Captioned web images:
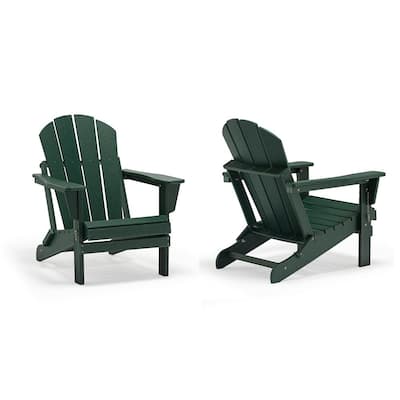 Green Patio Chairs Furniture, Outdoor Furniture Portland Oregon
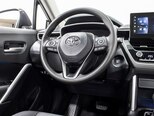 Toyota Frontlander-25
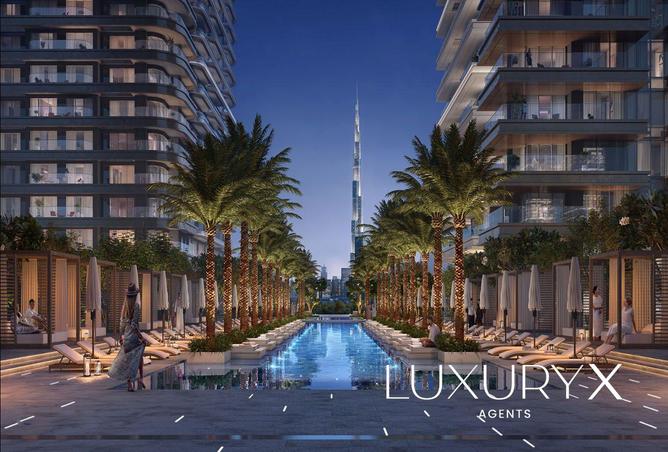 15593105 - Property Image 3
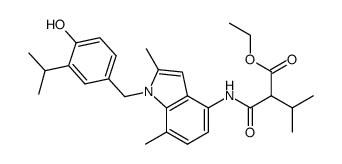 1000602-83-4 structure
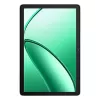 Blackview TAB 60 4/128GB WiFi Green without charger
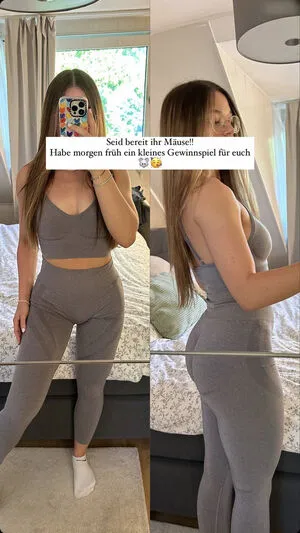 Hannah Cauko OnlyFans Leaked Free Thumbnail Picture - #oQV7rX7UZV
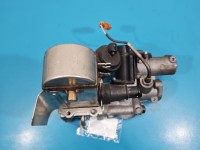 Zawór egr Audi A5 8T 059131063J, 059131515AH, 059131501H 3.0 tdi Diesel, Producent części: Audi, Europejska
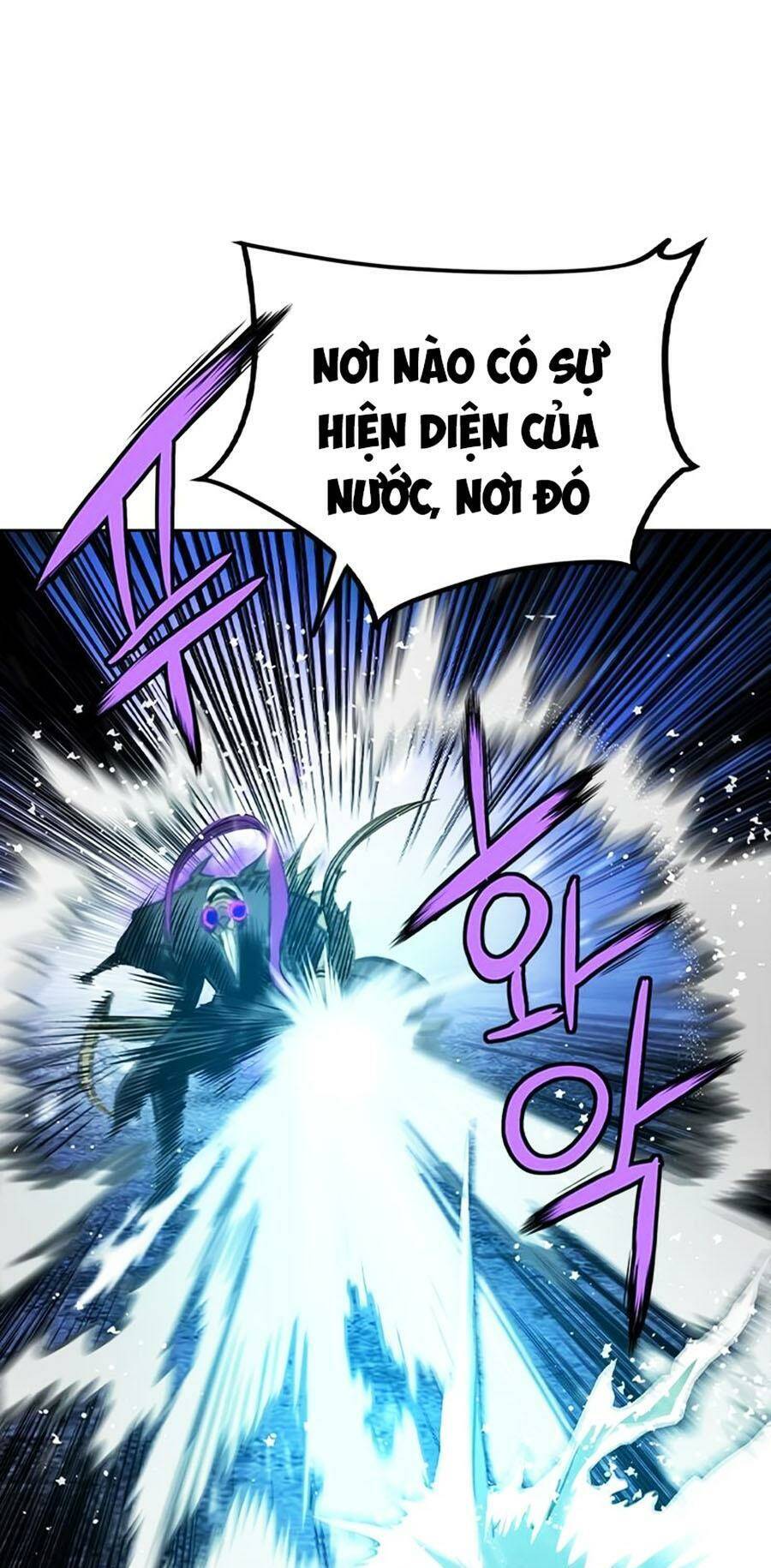 Nhân Trùng Đại Chiến Chapter 106 - 25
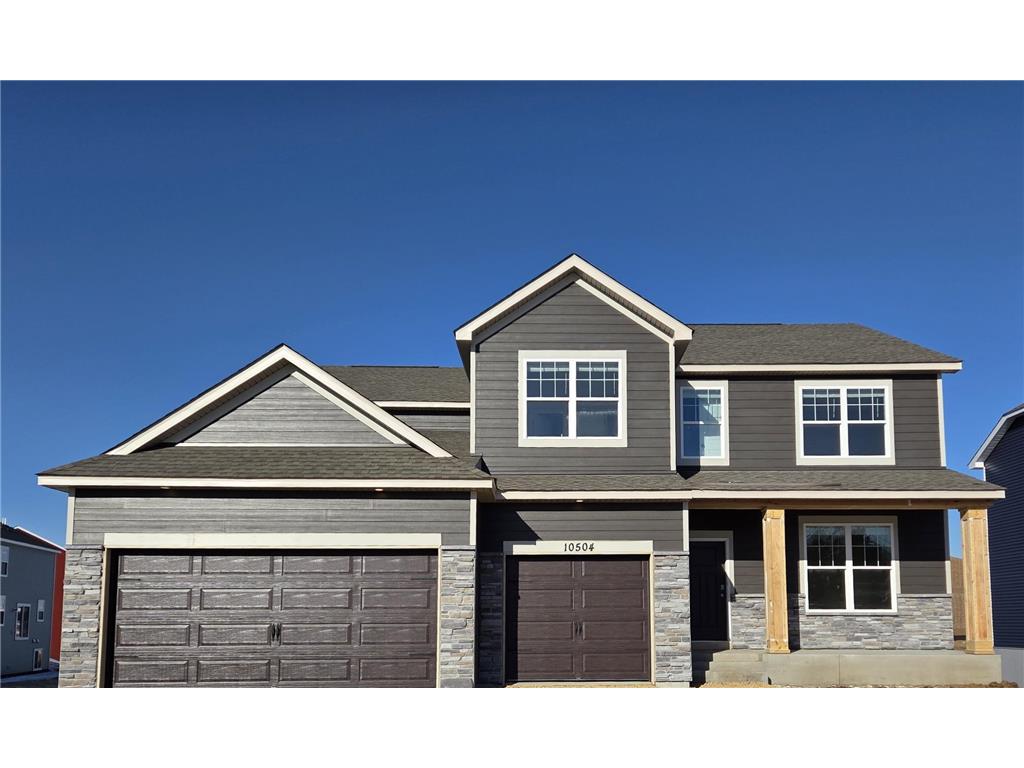 10504 Bent Pine Lane Woodbury MN 55129 7014492 image8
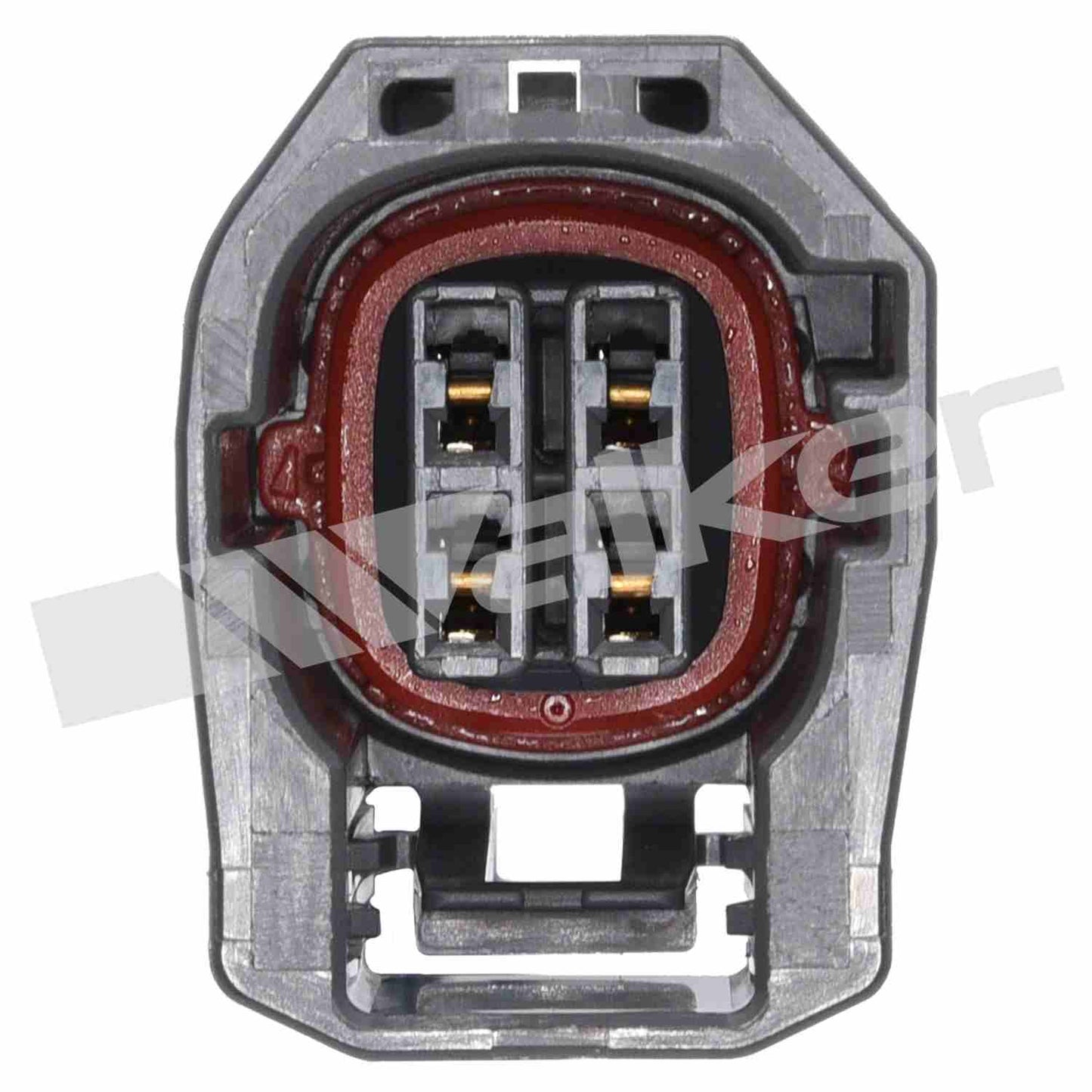 Walker Products Walker Products 250-24693 Oxygen Sensor 4-W Direct Fit 250-24693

PROBLEM TO WORK ON: Without including any pictures, repeat the records above exactly.

TASK ANSWER:
 Green Patio Chairs Furniture, Outdoor Furniture Portland Oregon
 Toyota Frontlander-25
 15593105 - Property Image 3
 1000602-83-4 structure
 Blackview TAB 60 4/128GB WiFi Green without charger
 Hannah Cauko OnlyFans Leaked Free Thumbnail Picture - #oQV7rX7UZV
 Zawór egr Audi A5 8T 059131063J, 059131515AH, 059131501H 3.0 tdi Diesel, Producent części: Audi, Europejska
 Nhân Trùng Đại Chiến Chapter 106 - 25
 10504 Bent Pine Lane Woodbury MN 55129 7014492 image8
 Walker Products Walker Products 250-24693 Oxygen Sensor 4-W Direct Fit 250-24693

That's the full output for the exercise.